Thursday, April 11, 2013

The Perfect Blueberry Muffin


    I love baked goods, especially muffins, so after reading rave reviews on the To Die For Blueberry Muffin Recipe found on allrecipes.com, I had to try it. I sorted through the written reviews and recommendations and followed the ones I thought were best and made some changes of my own. It is, in all honesty, the BEST homemade blueberry muffin I've ever had. The crumb topping was crunchy and sugary and sweet and the consistency was perfectly moist. After my first bite I literally said out loud "oh my god...." We ate three right when they came out of the oven.

I'm in blueberry heaven.....


       I'll continue to be in blueberry heaven when I eat another one of these later tonight, and probably again when I make another batch next week....I'm in love. It's the crumb topping that really sets it apart from all the others, so sweet and sugary crispy crunchy; the ideal muffin top. 


(As you see some were snatched before I could even take a picture! We were too anxious because they smell absolutely fantastic while baking)

        I altered the recipe a bit, using 1/2 cup whole wheat flour (my mom has rubbed off on me more than I thought) because I'm determined to add it to every baked good recipe that I try, and you really can't tell the difference. I also used frozen blueberries instead of fresh (saving some money here!), and it still came out great, soooooo great - like I seriously plan on using this recipe for the rest of my life....that great. As I'm trying to write this my eyes keep getting glued onto the picture of it, all warm and fresh from the pan, a little piece of baked perfection and my mouth is watering and ugh I'm getting so distracted by the memory of it's deliciousness!
        I bet it would be delicious using chocolate chips as well, though I do already have my recipe for Chocolate Chip Muffins w/ Whole Wheat Flour and Wheat Germ. We'll see, maybe I'll switch it up sometime, but for now I'll just continue to drool over these ones. 
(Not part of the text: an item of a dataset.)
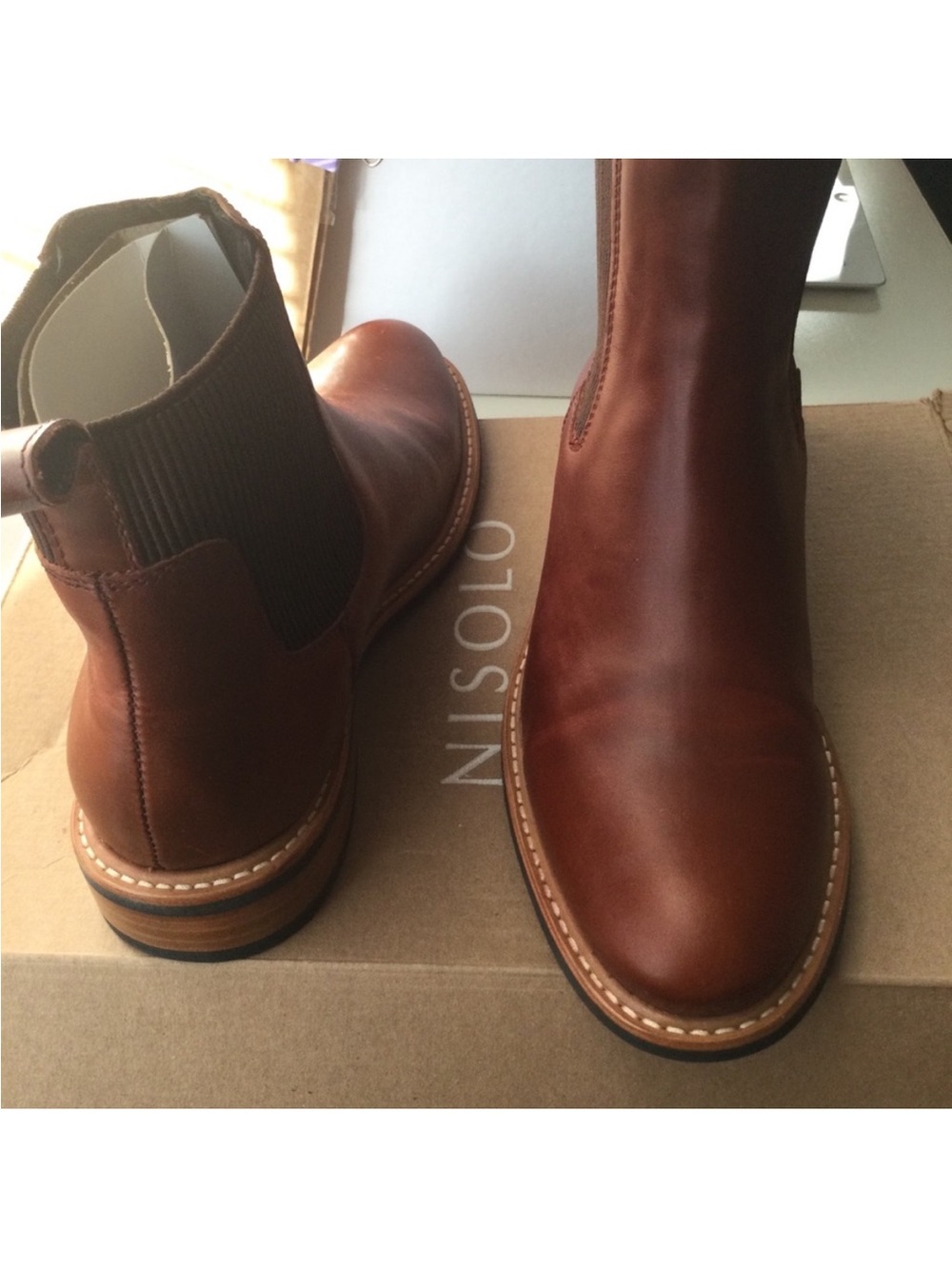 NISOLO Carmen Chelsea Leather Boots NIB - Picture 9 of 13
       Trust me, and go preheat your oven, get some ingredients out, get baking and I swear you'll thank me later....



Perfected Blueberry Muffins
Makes 8/9 large bakery style muffins or 12 regular
Ingredients:
1 cup all purpose flour
1/2 cup whole wheat flour
3/4 cup sugar
1/2 tsp salt
2 tsp baking powder
1/3 cup vegetable oil
1 egg
1/3 cup milk
1/2 tsp vanilla
1 cup blueberries - or more
1/2 cup brown sugar
1/3 cup flour
1/4 cup butter, cubed small
2 tsp cinnamon

Directions:
Preheat oven to 400 degrees
Combine flour, sugar, salt and baking powder in medium bowl. In separate bowl combine vegetable oil, egg, milk and vanilla. Make a well in the dry ingredients and pour in egg mixture. Mix until just combined, DO NOT OVER MIX! Fold in blueberries. Grease muffin tins and scoop in batter all the way to the top of the cup for large muffins, or 2/3 for regular sized. Mix together brown sugar, flour, butter and cinnamon with fork and sprinkle on muffins, making sure to get some butter on each (you don't have to use all of the mixture, I had some leftover). Bake in preheated oven, large muffins 20-25 minutes and smaller ones about 18 minutes, or until toothpick comes out clean.